- Opening Delimiter -

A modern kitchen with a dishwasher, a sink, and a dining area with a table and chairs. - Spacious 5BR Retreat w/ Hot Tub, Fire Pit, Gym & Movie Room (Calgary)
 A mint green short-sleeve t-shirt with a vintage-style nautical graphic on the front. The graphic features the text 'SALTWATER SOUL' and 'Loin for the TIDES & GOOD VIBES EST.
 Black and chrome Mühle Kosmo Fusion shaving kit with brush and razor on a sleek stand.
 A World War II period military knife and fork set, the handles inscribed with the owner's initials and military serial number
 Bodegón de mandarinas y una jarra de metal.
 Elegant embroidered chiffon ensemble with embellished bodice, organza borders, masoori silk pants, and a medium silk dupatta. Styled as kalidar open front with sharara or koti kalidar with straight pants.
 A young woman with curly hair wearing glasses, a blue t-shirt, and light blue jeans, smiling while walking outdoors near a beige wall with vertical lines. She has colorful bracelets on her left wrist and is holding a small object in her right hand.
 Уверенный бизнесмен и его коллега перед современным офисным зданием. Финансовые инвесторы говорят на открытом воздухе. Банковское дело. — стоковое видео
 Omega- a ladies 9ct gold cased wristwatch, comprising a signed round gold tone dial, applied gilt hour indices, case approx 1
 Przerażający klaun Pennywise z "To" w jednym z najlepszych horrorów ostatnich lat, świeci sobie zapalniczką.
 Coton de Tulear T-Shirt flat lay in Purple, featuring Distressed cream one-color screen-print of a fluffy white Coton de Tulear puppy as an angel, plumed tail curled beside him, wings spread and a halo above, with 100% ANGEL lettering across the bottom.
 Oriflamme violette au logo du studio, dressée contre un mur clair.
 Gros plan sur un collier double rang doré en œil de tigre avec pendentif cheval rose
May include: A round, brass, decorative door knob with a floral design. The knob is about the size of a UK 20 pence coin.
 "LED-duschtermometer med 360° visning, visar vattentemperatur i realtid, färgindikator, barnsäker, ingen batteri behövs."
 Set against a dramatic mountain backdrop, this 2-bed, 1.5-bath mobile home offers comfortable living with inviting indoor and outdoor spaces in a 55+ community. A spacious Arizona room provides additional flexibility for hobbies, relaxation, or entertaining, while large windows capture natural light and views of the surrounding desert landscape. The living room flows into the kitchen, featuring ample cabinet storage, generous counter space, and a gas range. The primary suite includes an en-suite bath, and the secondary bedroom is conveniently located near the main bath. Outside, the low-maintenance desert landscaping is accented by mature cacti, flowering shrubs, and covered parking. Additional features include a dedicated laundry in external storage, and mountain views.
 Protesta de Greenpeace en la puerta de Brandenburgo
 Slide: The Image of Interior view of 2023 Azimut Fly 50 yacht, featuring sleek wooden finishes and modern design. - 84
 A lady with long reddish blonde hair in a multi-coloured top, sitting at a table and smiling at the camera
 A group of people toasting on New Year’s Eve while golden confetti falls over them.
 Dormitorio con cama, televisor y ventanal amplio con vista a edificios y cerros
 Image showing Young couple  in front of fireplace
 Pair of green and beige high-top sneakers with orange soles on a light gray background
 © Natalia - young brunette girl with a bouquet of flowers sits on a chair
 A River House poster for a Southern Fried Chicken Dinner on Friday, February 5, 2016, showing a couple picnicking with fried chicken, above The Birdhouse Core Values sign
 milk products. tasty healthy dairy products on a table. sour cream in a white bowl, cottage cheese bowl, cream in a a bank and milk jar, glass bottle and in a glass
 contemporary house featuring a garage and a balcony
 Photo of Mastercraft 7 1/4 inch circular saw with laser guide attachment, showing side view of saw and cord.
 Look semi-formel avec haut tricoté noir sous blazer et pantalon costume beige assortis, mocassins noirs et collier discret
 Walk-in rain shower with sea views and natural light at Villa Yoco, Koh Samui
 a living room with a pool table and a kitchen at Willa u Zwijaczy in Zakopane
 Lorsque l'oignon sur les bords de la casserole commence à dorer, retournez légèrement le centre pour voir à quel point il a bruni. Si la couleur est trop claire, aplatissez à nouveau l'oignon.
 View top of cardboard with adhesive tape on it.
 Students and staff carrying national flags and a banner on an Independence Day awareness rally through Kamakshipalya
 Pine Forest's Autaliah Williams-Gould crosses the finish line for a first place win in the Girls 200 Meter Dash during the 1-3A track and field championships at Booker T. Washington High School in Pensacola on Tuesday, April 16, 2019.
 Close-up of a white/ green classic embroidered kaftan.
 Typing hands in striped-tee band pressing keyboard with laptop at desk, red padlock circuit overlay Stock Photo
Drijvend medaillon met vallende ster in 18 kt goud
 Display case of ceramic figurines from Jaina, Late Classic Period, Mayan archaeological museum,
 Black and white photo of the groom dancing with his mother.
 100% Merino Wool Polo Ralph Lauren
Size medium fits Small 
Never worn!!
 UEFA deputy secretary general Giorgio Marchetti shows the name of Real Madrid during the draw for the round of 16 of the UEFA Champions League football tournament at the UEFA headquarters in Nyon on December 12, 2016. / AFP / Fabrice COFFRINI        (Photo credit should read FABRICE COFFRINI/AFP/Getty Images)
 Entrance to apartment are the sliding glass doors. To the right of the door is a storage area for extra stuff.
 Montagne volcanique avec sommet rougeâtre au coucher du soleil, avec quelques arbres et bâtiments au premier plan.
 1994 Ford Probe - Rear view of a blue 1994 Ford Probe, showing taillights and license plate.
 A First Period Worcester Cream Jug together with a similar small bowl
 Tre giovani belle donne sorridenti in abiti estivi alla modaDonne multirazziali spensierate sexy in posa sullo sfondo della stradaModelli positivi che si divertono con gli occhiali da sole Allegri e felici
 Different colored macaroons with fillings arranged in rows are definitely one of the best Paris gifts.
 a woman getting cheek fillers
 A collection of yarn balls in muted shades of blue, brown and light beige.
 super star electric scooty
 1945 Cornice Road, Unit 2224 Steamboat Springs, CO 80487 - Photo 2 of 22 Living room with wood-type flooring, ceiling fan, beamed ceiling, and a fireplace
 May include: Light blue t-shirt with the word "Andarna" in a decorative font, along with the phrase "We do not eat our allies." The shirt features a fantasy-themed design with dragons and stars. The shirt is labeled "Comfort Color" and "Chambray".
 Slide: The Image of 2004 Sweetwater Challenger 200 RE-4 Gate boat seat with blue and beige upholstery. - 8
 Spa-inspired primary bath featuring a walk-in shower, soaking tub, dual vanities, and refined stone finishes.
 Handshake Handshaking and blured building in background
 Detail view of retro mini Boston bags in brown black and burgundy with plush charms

- Closing Delimiter -

**Problem description**
The answer should contain every line of the data, unchanged.

**Written response**
A modern kitchen with a dishwasher, a sink, and a dining area with a table and chairs. - Spacious 5BR Retreat w/ Hot Tub, Fire Pit, Gym & Movie Room (Calgary)
 A mint green short-sleeve t-shirt with a vintage-style nautical graphic on the front. The graphic features the text 'SALTWATER SOUL' and 'Loin for the TIDES & GOOD VIBES EST.
 Black and chrome Mühle Kosmo Fusion shaving kit with brush and razor on a sleek stand.
 A World War II period military knife and fork set, the handles inscribed with the owner's initials and military serial number
 Bodegón de mandarinas y una jarra de metal.
 Elegant embroidered chiffon ensemble with embellished bodice, organza borders, masoori silk pants, and a medium silk dupatta. Styled as kalidar open front with sharara or koti kalidar with straight pants.
 A young woman with curly hair wearing glasses, a blue t-shirt, and light blue jeans, smiling while walking outdoors near a beige wall with vertical lines. She has colorful bracelets on her left wrist and is holding a small object in her right hand.
 Уверенный бизнесмен и его коллега перед современным офисным зданием. Финансовые инвесторы говорят на открытом воздухе. Банковское дело. — стоковое видео
 Omega- a ladies 9ct gold cased wristwatch, comprising a signed round gold tone dial, applied gilt hour indices, case approx 1
 Przerażający klaun Pennywise z "To" w jednym z najlepszych horrorów ostatnich lat, świeci sobie zapalniczką.
 Coton de Tulear T-Shirt flat lay in Purple, featuring Distressed cream one-color screen-print of a fluffy white Coton de Tulear puppy as an angel, plumed tail curled beside him, wings spread and a halo above, with 100% ANGEL lettering across the bottom.
 Oriflamme violette au logo du studio, dressée contre un mur clair.
 Gros plan sur un collier double rang doré en œil de tigre avec pendentif cheval rose
May include: A round, brass, decorative door knob with a floral design. The knob is about the size of a UK 20 pence coin.
 "LED-duschtermometer med 360° visning, visar vattentemperatur i realtid, färgindikator, barnsäker, ingen batteri behövs."
 Set against a dramatic mountain backdrop, this 2-bed, 1.5-bath mobile home offers comfortable living with inviting indoor and outdoor spaces in a 55+ community. A spacious Arizona room provides additional flexibility for hobbies, relaxation, or entertaining, while large windows capture natural light and views of the surrounding desert landscape. The living room flows into the kitchen, featuring ample cabinet storage, generous counter space, and a gas range. The primary suite includes an en-suite bath, and the secondary bedroom is conveniently located near the main bath. Outside, the low-maintenance desert landscaping is accented by mature cacti, flowering shrubs, and covered parking. Additional features include a dedicated laundry in external storage, and mountain views.
 Protesta de Greenpeace en la puerta de Brandenburgo
 Slide: The Image of Interior view of 2023 Azimut Fly 50 yacht, featuring sleek wooden finishes and modern design. - 84
 A lady with long reddish blonde hair in a multi-coloured top, sitting at a table and smiling at the camera
 A group of people toasting on New Year’s Eve while golden confetti falls over them.
 Dormitorio con cama, televisor y ventanal amplio con vista a edificios y cerros
 Image showing Young couple  in front of fireplace
 Pair of green and beige high-top sneakers with orange soles on a light gray background
 © Natalia - young brunette girl with a bouquet of flowers sits on a chair
 A River House poster for a Southern Fried Chicken Dinner on Friday, February 5, 2016, showing a couple picnicking with fried chicken, above The Birdhouse Core Values sign
 milk products. tasty healthy dairy products on a table. sour cream in a white bowl, cottage cheese bowl, cream in a a bank and milk jar, glass bottle and in a glass
 contemporary house featuring a garage and a balcony
 Photo of Mastercraft 7 1/4 inch circular saw with laser guide attachment, showing side view of saw and cord.
 Look semi-formel avec haut tricoté noir sous blazer et pantalon costume beige assortis, mocassins noirs et collier discret
 Walk-in rain shower with sea views and natural light at Villa Yoco, Koh Samui
 a living room with a pool table and a kitchen at Willa u Zwijaczy in Zakopane
 Lorsque l'oignon sur les bords de la casserole commence à dorer, retournez légèrement le centre pour voir à quel point il a bruni. Si la couleur est trop claire, aplatissez à nouveau l'oignon.
 View top of cardboard with adhesive tape on it.
 Students and staff carrying national flags and a banner on an Independence Day awareness rally through Kamakshipalya
 Pine Forest's Autaliah Williams-Gould crosses the finish line for a first place win in the Girls 200 Meter Dash during the 1-3A track and field championships at Booker T. Washington High School in Pensacola on Tuesday, April 16, 2019.
 Close-up of a white/ green classic embroidered kaftan.
 Typing hands in striped-tee band pressing keyboard with laptop at desk, red padlock circuit overlay Stock Photo
Drijvend medaillon met vallende ster in 18 kt goud
 Display case of ceramic figurines from Jaina, Late Classic Period, Mayan archaeological museum,
 Black and white photo of the groom dancing with his mother.
 100% Merino Wool Polo Ralph Lauren
Size medium fits Small 
Never worn!!
 UEFA deputy secretary general Giorgio Marchetti shows the name of Real Madrid during the draw for the round of 16 of the UEFA Champions League football tournament at the UEFA headquarters in Nyon on December 12, 2016. / AFP / Fabrice COFFRINI        (Photo credit should read FABRICE COFFRINI/AFP/Getty Images)
 Entrance to apartment are the sliding glass doors. To the right of the door is a storage area for extra stuff.
 Montagne volcanique avec sommet rougeâtre au coucher du soleil, avec quelques arbres et bâtiments au premier plan.
 1994 Ford Probe - Rear view of a blue 1994 Ford Probe, showing taillights and license plate.
 A First Period Worcester Cream Jug together with a similar small bowl
 Tre giovani belle donne sorridenti in abiti estivi alla modaDonne multirazziali spensierate sexy in posa sullo sfondo della stradaModelli positivi che si divertono con gli occhiali da sole Allegri e felici
 Different colored macaroons with fillings arranged in rows are definitely one of the best Paris gifts.
 a woman getting cheek fillers
 A collection of yarn balls in muted shades of blue, brown and light beige.
 super star electric scooty
 1945 Cornice Road, Unit 2224 Steamboat Springs, CO 80487 - Photo 2 of 22 Living room with wood-type flooring, ceiling fan, beamed ceiling, and a fireplace
 May include: Light blue t-shirt with the word "Andarna" in a decorative font, along with the phrase "We do not eat our allies." The shirt features a fantasy-themed design with dragons and stars. The shirt is labeled "Comfort Color" and "Chambray".
 Slide: The Image of 2004 Sweetwater Challenger 200 RE-4 Gate boat seat with blue and beige upholstery. - 8
 Spa-inspired primary bath featuring a walk-in shower, soaking tub, dual vanities, and refined stone finishes.
 Handshake Handshaking and blured building in background
 Detail view of retro mini Boston bags in brown black and burgundy with plush charms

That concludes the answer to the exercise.